Après une séance de Roots in the wind, nous avons rencontré sa réalisatrice Soraya Akhlaqi, pour évoquer avec elle le sujet de son documentaire qu’elle porte intimement en elle :
Roots in the wind nous raconte quelque chose de peu connu à propos des Afghans ayant été contraints de quitter leur pays et pour émigrer en Iran : plusieurs décennies après, les générations suivantes qui ne connaissent rien de l’Afghanistan ne sont toujours acceptées comme citoyens iraniens… Comment cette situation perdure encore ?
Soraya Akhlaqi : Malheureusement cette situation continue encore, et personne ne peut dire si un jour ça changera. Depuis plus de quarante ans les immigrés Afghans vivent cette situation précaire et indécise en Iran, en tant que résidents temporaires. Ensuite, pour les deuxième et troisième générations d’entre eux, qui sont nés et qui ont grandis en Iran, ils sont toujours considérés comme des étrangers, ou comme des touristes en Iran, qui un jour devront quitter le pays.
Les différents témoignages du documentaire évoquent des discriminations qui viennent à la fois de l’administration du gouvernement mais aussi du peuple iranien : quelle solution y a-t-il entre rester indésirable en Iran ou risquer de changer de pays ?

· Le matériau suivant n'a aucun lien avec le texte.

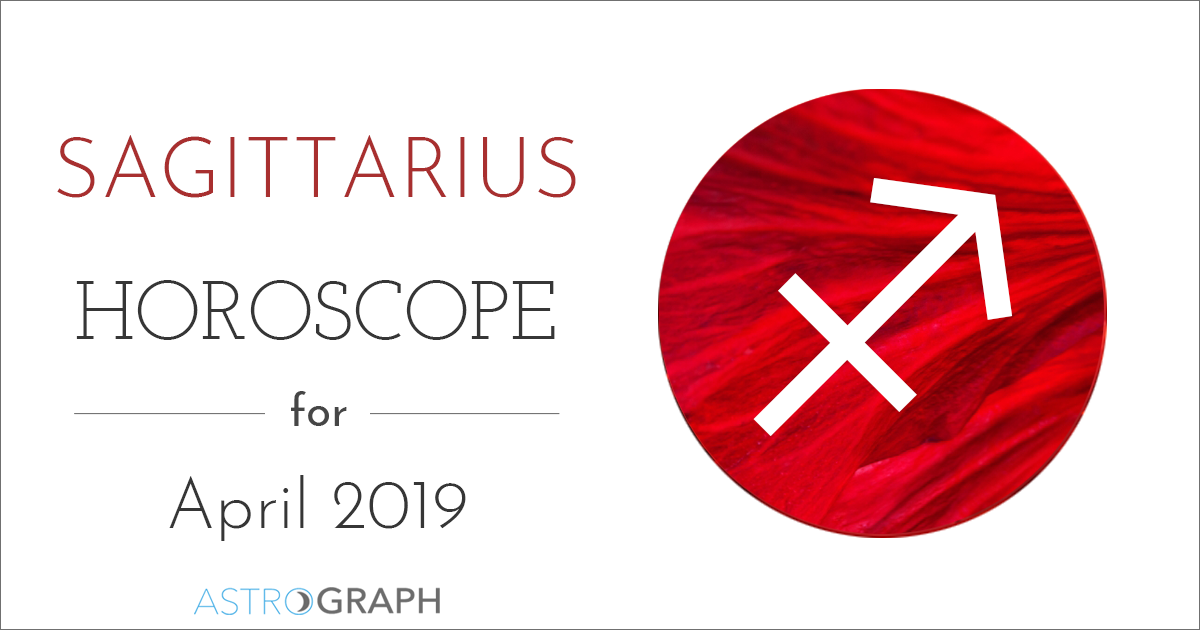 Sagittarius Horoscope for April 2019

Soraya Akhlaqi : Depuis que les talibans ont repris le pouvoir en Afghanistan, les conditions de vie de la population s’aggravent. Actuellement des millions de personnes y vivent dans la pauvreté, la faim et des privations, les filles n’ont pas le droit à l’éducation et les femmes ne peuvent plus travailler. Dans un pays où les femmes sont éliminées, quel avenir les gens peuvent-ils imaginer pour eux-mêmes ? D’autre part, nous savons que le franchissement illégal de la frontière présente de nombreuses difficultés. Chaque jour, nous entendons des nouvelles désagréables de migrants morts durant le trajet: ils commencent leur voyage alors qu’ils ne savent pas s’ils survivront jusqu’à ce qu’ils atteignent un nouveau pays. Retourner en Afghanistan dans la situation actuelle ne fait pas partie des options pour la plupart des Afghans vivant en Iran, car ils n’ont d’autre choix que de toujours vivre en Iran en tant qu’ ‘étrangers‘ en rêvant d’un avenir meilleur, ou de quitter l’Iran par les moyens disponibles, et migrer vers un nouveau pays. Pour la plupart d’entre eux, la seule option possible est une immigration clandestine. Et cela signifie risquer leur vie, en espérant avoir une vie meilleure…

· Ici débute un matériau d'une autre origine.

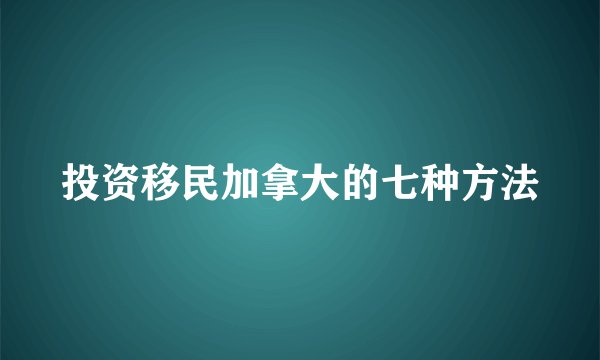 投资移民加拿大的七种方法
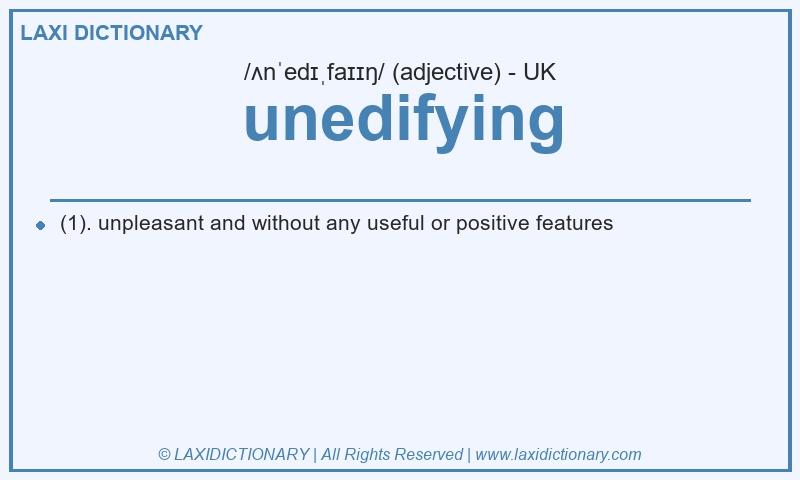 Definition unedifying in British English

Actuellement, l’Iran vit un vaste et long mouvement de révolte des femmes. Comment s’organise-t-on pour un tournage comme ce documentaire qui ne peut pas être autorisé par le système en place ?
Soraya Akhlaqi : En fait il est très difficile de faire un film en Iran, surtout pour des cinéastes indépendants. Et quand on est Afghan, et surtout si on traite de la question des immigrés vivant en Iran, c’est encore plus difficile. J’ai rencontré beaucoup de problèmes pour faire mon film. En Iran, vous avez besoin d’une autorisation pour faire n’importe quel type de film. Malheureusement, parce que je suis Afghane, ils ne m’ont pas donné l’autorisation de faire un film, et ils m’ont surtout prévenue que je n’avais pas le droit de faire un film sur les immigrés Afghans résidant en Iran ! Je cherchais une autorisation de production depuis des mois, et enfin un de mes amis iraniens a obtenu une autorisation de production pour lui, que j’ai réussi à utiliser pour mon propre film ! Pendant quelques jours j’ai dû filmer sans autorisation et en secret, ce qui était très stressant et compliqué ! J’ai envoyé mon film au festival du documentaire Cinéma Haghighat et au Festival international du court-métrage de Téhéran, qui sont parmi les festivals les plus prestigieux d’Iran, mais malheureusement il n’a pas été acceptés. Il n’est pas difficile de deviner que c’était à cause du sujet du film. Tout simplement parce que dans mon film, j’ai essayé de montrer les problèmes et les épreuves des immigrés Afghans, traités comme des parias en Iran.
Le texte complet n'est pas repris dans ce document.